The invention concerns the technical sector of packaging machines, which are arranged downstream of machines for producing articles in order to receive the articles, order them and insert them into corresponding packagings.
In particular, the invention refers to the packaging of articles constituted by sachets or pouches for granular or liquid products, known in the trade as stickpacks, a predetermined number of which are piled and then placed in relative cartons.
In this technical sector, machines for producing stickpacks are part of the category known as “sachet-filling machines”, while the machines for placing them in cartons are known as “cartoning machines”.
The most commonly used type of stickpack filling machine is a vertical machine. The taut band which will form the stickpack is unwound from a spool and brought to the upper part of the machine. Suitable cutters divide the band longitudinally into a predetermined number of strips, all having a same width.
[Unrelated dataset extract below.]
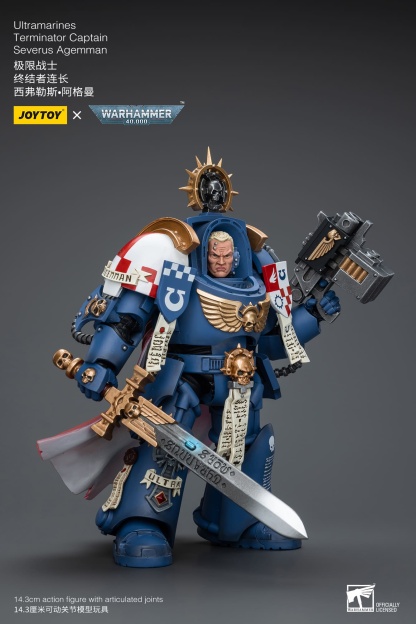 JoyToy WH40K Ultramarines Terminator Captain Severus Agemman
Each strip is fed into a relative dropping channel, in which the following are provided, in order:                folding organs, which roll the strip in the direction of its width so as to form a continuous tubular packaging;        longitudinal sealing organs, which seal the overlapping edges of the continuous tubular packaging and close the packaging;        transverse sealing organs, which are activated horizontally in a phase relation with the stepped descent of the continuous tubular packaging, dividing the internal volume of the underlying sealed stickpack from the upper stickpack in formation, which operation defines the bottom of the stickpack;        pouring organs located above the transverse sealing organs, which project into the continuous tubular packaging and dispense dosed quantities of granular or liquid product into the stickpack being formed;        cutting organs, which are activated in a phase relation with the descent of the continuous tubular packaging and separate the lowest stickpack from the continuous tubular packaging, which stickpack has been filled with the product and sealed.        
The various dropping channels, each being provided with the above-listed organs, are arranged side by side, and distanced by a constant interaxial measurement which is equal to the width of the strips; obviously the same interaxial measurement separates one stickpack from the stickpack adjacent to it, at the exit zone in the lower part of the machine.
The vertically-arranged stickpacks exiting from the machine are collected by handling organs, for example of the “pick and place” type, which have a same number of heads as there are dropping channels, and are arranged with the same interaxial measurement, which handling organs insert the horizontally arranged stickpacks into corresponding queued walled compartments of a conveyor line associated to the cartoning machine which is arranged downstream.
The pick and place cycle is repeated until a predetermined number stickpacks has been placed in each compartment.
The compartments are distanced from each other by the same interaxial measurement as the dropping channels; the walls of each compartment, as is known, are arranged at right angles relative to the direction of advancement of the line and are positioned, in the above-described application, at a slightly lower height than the height of the carton in which the batch of stickpacks will be placed.
Given the same interaxial measurement however, the distance between the walls of each compartment can vary according to the format of the carton which, in turn, will be larger or smaller according to the number of stickpacks it has to contain.
Consequently, there is no control over the position of the stickpacks when they are being placed in the compartments, therefore each batch of stickpacks arranges itself differently, firstly in the relative compartments and subsequently in a relative carton, while remaining within the same overall area.
Thus it is clearly impossible to form an ordered pile of stickpacks and keep their arrangement under control up to the moment when they are placed in the carton; this precludes the following operating modalities:                placing an ordered pile inside a precisely-sized format of carton, that is, a carton having dimensions only slightly greater than the pile itself;        placing more than one ordered pile into a precisely-sized carton;        placing more than one ordered pile into a precisely-sized carton which is provided with separators between one pile and the next.